#TeamDrew

AFTER TREATMENT – GOING HOME AND LONG-TERM OUTLOOK

#TeamDrew

AFTER TREATMENT – GOING HOME AND LONG-TERM OUTLOOK

 

The end of successful treatment and the prospect of returning home from hospital can raise conflicting feelings. You are all likely to feel a sense of relief that you can return to the comfort of your own home. However, it might take some time for your child to transition back into everyday life after a long time in hospital.

You as parents might also struggle in the transition home. You might feel anxious about leaving behind the reassurance provided by hospital staff about your child’s progress. You might find yourself living with a heightened concern about any symptoms your child has, and whether there may be signs of their cancer returning.

This is all very common. Remember, you and your child will have regular follow-up appointments and the hospital team will be on hand to answer any questions or address any worries you might have.

Prognosis and long-term outlook

How your child will do following treatment is something that doctors cannot accurately predict. Statistics tell us the average outcome if you study a large number of patients with the same condition. Due to the rarity of paediatric chordoma, meaningful statistics are very challenging to achieve.

Besides, statistics are only helpful to a degree – they can’t say what will specifically happen with your child. Every child is different and will respond to treatment in a different way.

However, we do know some things. We know that, overall, the prognosis of paediatric chordoma is better than that of adult chordoma.

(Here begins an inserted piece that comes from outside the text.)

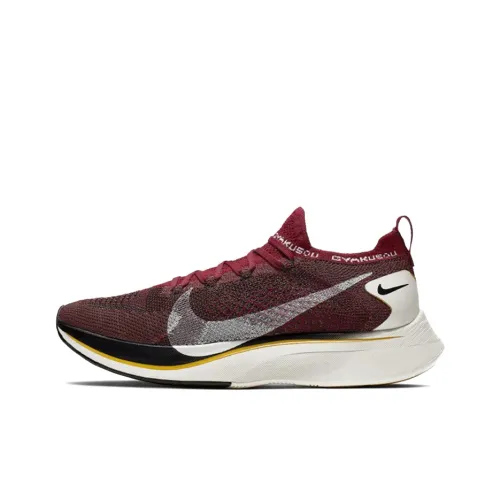 Nike Zoom VaporFly 4% Амортизация Устойчивость к истиранию Дышащий Низкий Топ Повседневные Беговые кроссовки Унисекс Бордовый Желтый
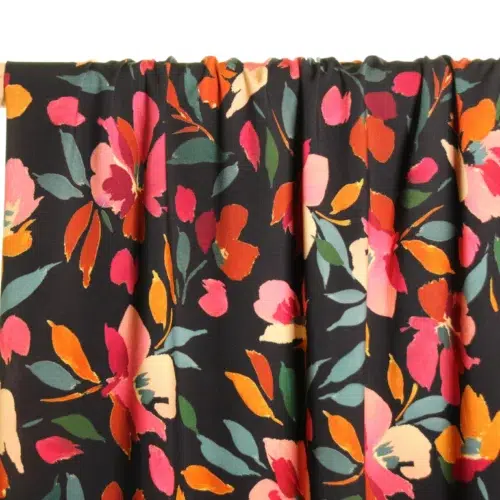 black viskose with colorful flowers atelier jupe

Doctors are also aware more generally of which children with chordoma might do better or worse than others. There are certain factors which are known, to some degree, to influence the chance of recovery. These include:

  • Type of chordoma – INI-1-negative chordomas (most of which are poorly differentiated and dedifferentiated chordoma) are generally more difficult to treat successfully than other types
  • Age at diagnosis – the poorest outcomes are generally seen in children under 5 years of age
  • The amount of cancer cells remaining following surgery – the removal of the cancer must be as complete as possible to improve the outcome
  • Whether the cancer spreads elsewhere in the body – this is more common in children under 5 years of age

The above suggests that, unfortunately, children that develop chordoma under 5 years of age are less likely to do quite so well as older children. It is important, though, to remember that your child is an individual and may not necessarily follow the outcome expected.

As you walk this path and inevitable concerns and questions are raised in your mind, please speak to a member of the team caring for your child – they are there to give you advice, support and information to make the decisions needed.